I can’t boast about my degrees, my strategic plan or my insider knowledge. I don’t have any of that. I can’t brag that I knew just the right time to start writing or found just the right agent or discovered the key to being a best-selling author because none of that is true.

When God dropped the idea for my first book into my mind I had a thirty-year-old college diploma, no plan and zero strategy. I published my first book in the fear-riddled, housebound world of 2020. I don’t have an agent and I’ve never been close to a best-seller list.

But none of that matters to God. My books aren’t written and published because I’m so good but because He is. He has led me to a publisher whose sole mandate is to develop good books for middle-grade kids. That’s it. No hidden agenda. Just good, clean stories with traditional values. Things like honesty, compassion, empathy, the power of family, kindness and integrity. I feel honoured to be part of that work and humbled that God can use someone like me to reach kids.

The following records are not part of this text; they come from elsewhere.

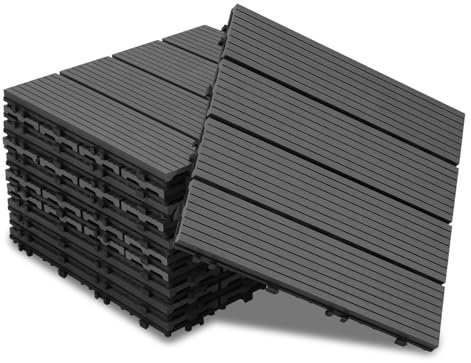 Jiubiaz WPC Terrassenfliesen Holzoptik 30x30 cm, 5m² = 55 Fliesen Klickfliesen, Balkonfliesen Bodenbelag für Balkon & Terrasse - wetterfest mit Drainagefunktion | Anthrazit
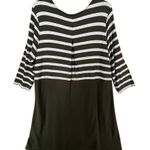 J.Jill  Wearever Dress Womens L Black Blue Stripe Jersey Knit Travel Casual Chic Photo 2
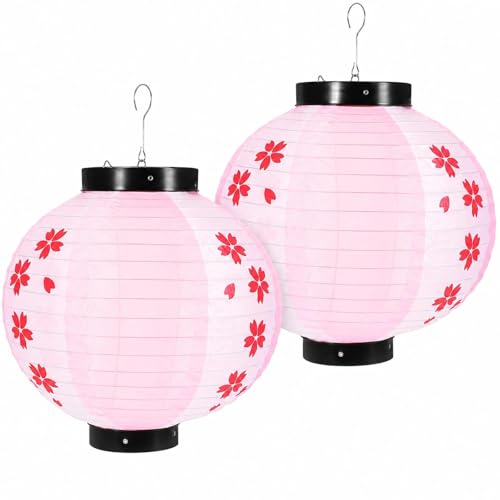 Image of LOGOFUN 2pcs Japanese Style Hanging Lantern Pink (30cm) | Paper Material; Cherry Blossom Pattern; For Sushi Restaurant Indoor Outdoor Decorations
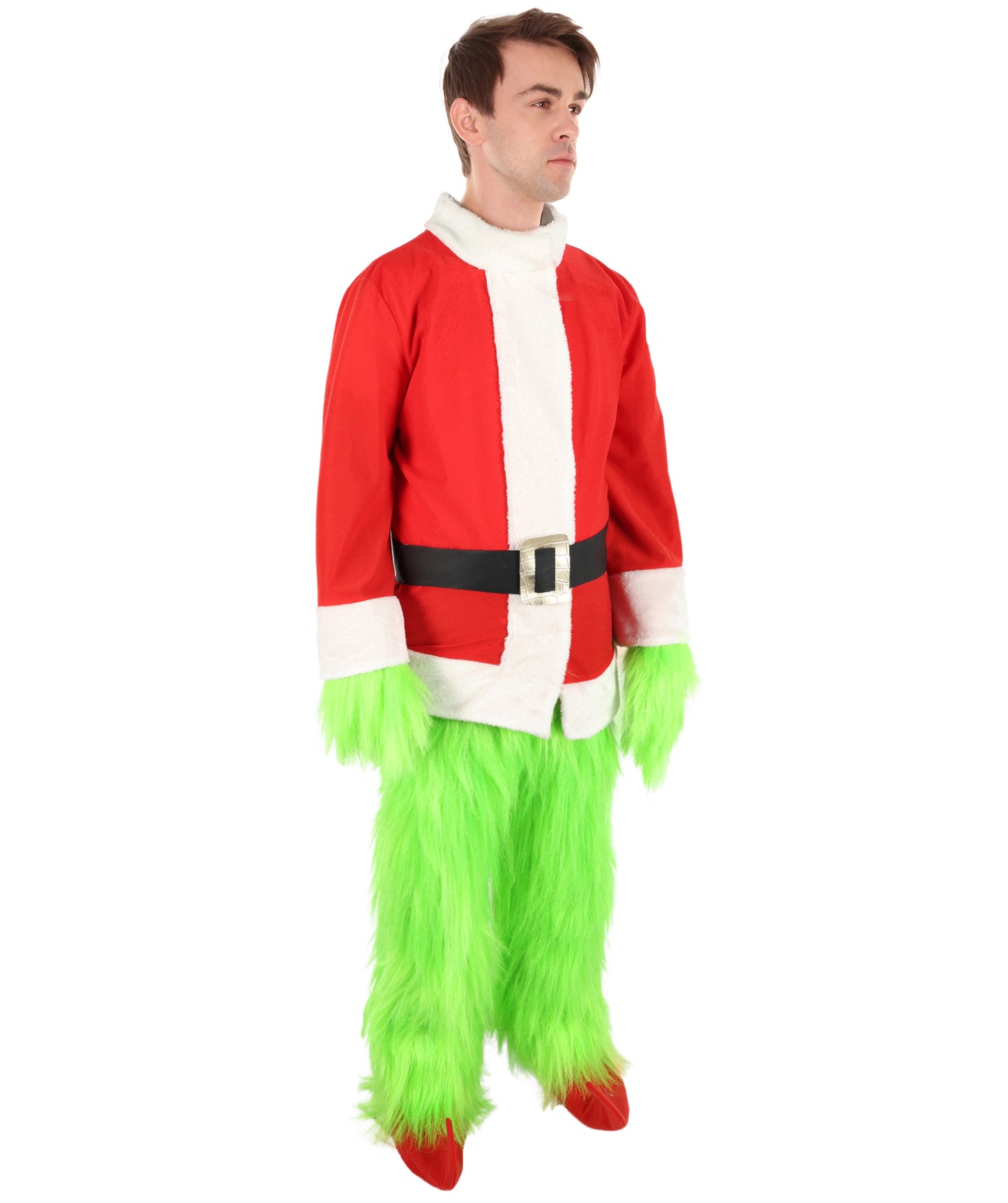 HPO Men’s Festive Furry Creature Green Thief Christmas Costume Set with all accessories | Cosplay Hat and Beard | Flame-retardant Synthetic Fiber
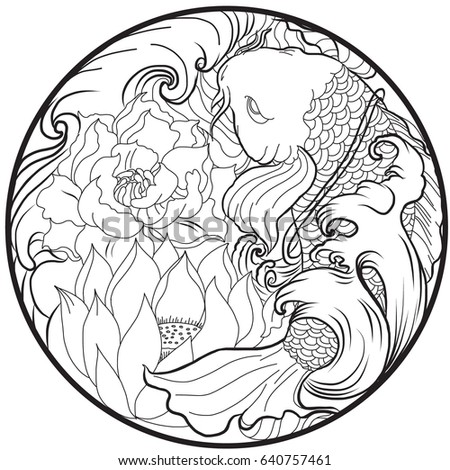 koi vector circle Koi Stock Design Tattoo Vector Asian 640757461 Drawn Hand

And I guess that’s the point. God can use anyone to accomplish His purposes. You don’t have to be well-connected, attractive, rich or educated. Often, it’s best if you aren’t. Sometimes those things can lead us into believing in our own self-sufficiency, thinking that we have all the answers and our goals are well deserved and always within reach. That kind of thinking doesn’t leave much room for the sovereignty of God.

And since His ways are higher than our ways and His plans so much better than anything we can dream up, I think we are far better off placing ourselves in His hands than trying to figure this whole thing out by ourselves.